Warning Failed 20s (x4 over 87s) kubelet Error: ImagePullBackOff

I need to investigate why and if there is more needed to supporting the out of tree providers work.

Need evidence of E2E tests passing

I ran the e2e tests here https://github.com/Azure/karpenter-provider-azure/actions/runs/9228266167. Ideally we could run them against 1.30 but as its not out yet no real way to test on 1.30 for apiserver from our e2e tests. Best we can do is set the kubelet version to 1.30.
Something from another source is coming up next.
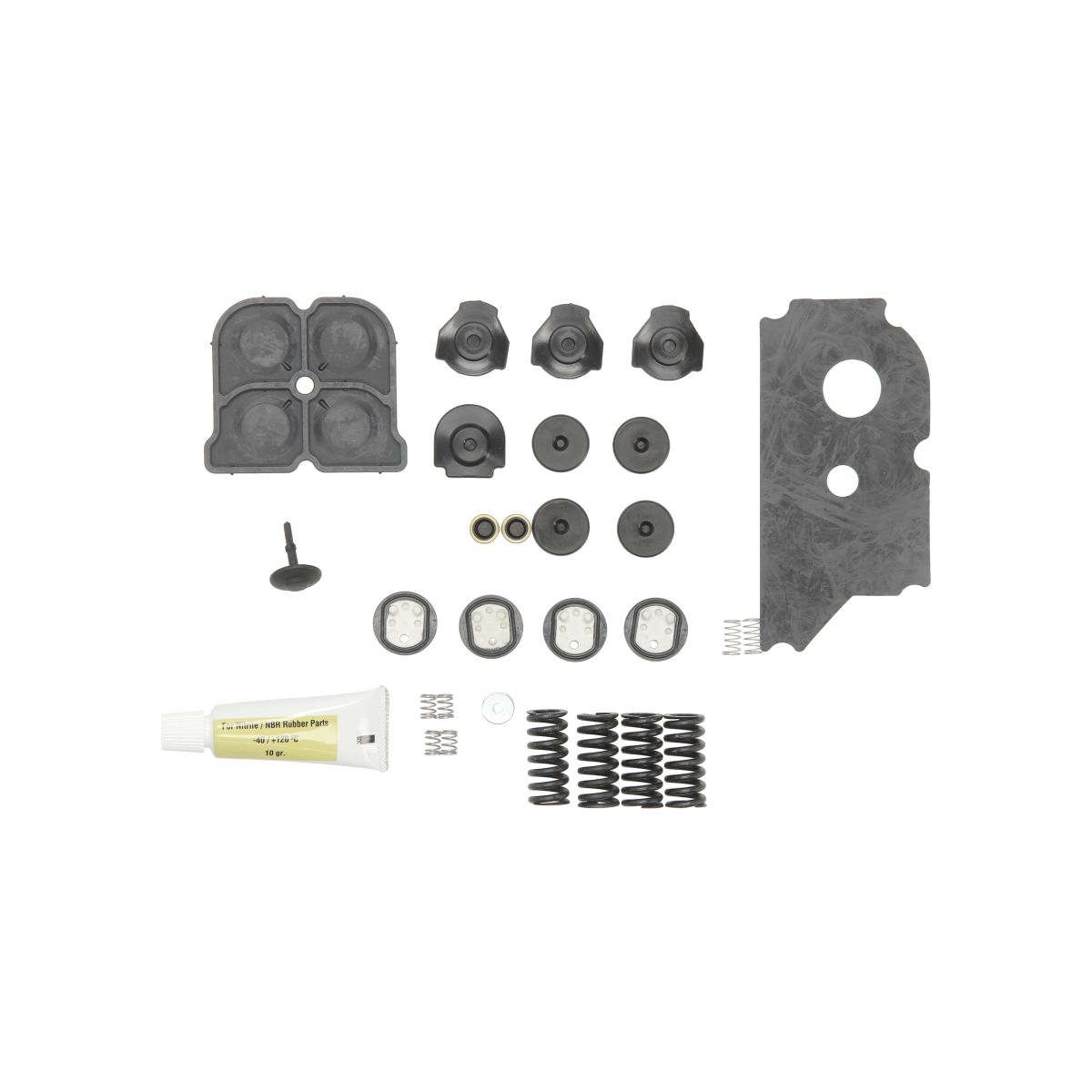 Image of Reparatieset, remklep, handrem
coveralls commented 4 months ago

Pull Request Test Coverage Report for Build 9324673471

Details


Changes Missing Coverage Covered Lines Changed/Added Lines %
pkg/providers/imagefamily/bootstrap/aksbootstrap.go 7 10 70.0%
<!-- Total: 10 13 76.92% -->
Files with Coverage Reduction New Missed Lines %
pkg/cache/unavailableofferings.go 2 95.45%
<!-- Total: 2 -->
Totals Coverage Status
Change from base Build 9074172591: -0.01%
Covered Lines: 36284
Relevant Lines: 37115

💛 - Coveralls
Bryce-Soghigian commented 4 months ago

Pasting this here for reference: https://github.com/Azure/AgentBaker/pull/4258/files @rakechill for Sov cloud support, we will need to pass in AKS_CUSTOM_CLOUD_CONTAINER_REGISTRY_DNS_SUFFIX="{{- if IsAKSCustomCloud}}{{AKSCustomCloudContainerRegistryDNSSuffix}}{{end}}" added in this pr. If we don't migrate to the contract in time for GA that is.
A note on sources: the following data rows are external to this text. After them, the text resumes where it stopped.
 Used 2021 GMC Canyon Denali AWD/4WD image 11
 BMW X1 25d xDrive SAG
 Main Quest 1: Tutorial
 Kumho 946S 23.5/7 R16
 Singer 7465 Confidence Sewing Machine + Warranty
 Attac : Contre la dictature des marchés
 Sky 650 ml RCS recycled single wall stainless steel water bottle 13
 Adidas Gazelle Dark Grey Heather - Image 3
Bryce-Soghigian commented 4 months ago

I ran the end to end suite for ACR pull locally.

[endgroup]

< Exit [AfterEach] TOP-LEVEL - /Users/sillygoose/dev/focus/karpenter-provider-azure/test/suites/acr/suite_test.go:43 @ 05/30/24 14:39:58.037 (45ms) • [369.389 seconds]

Ran 1 of 1 Specs in 369.598 seconds SUCCESS! -- 1 Passed | 0 Failed | 0 Pending | 0 Skipped --- PASS: TestAcr (369.60s) PASS ok github.com/Azure/karpenter-provider-azure/test/suites/acr 370.152s

We pass with nodes that are set to 1.30 for their k8s version. We should be good to get this one in if CI passes here.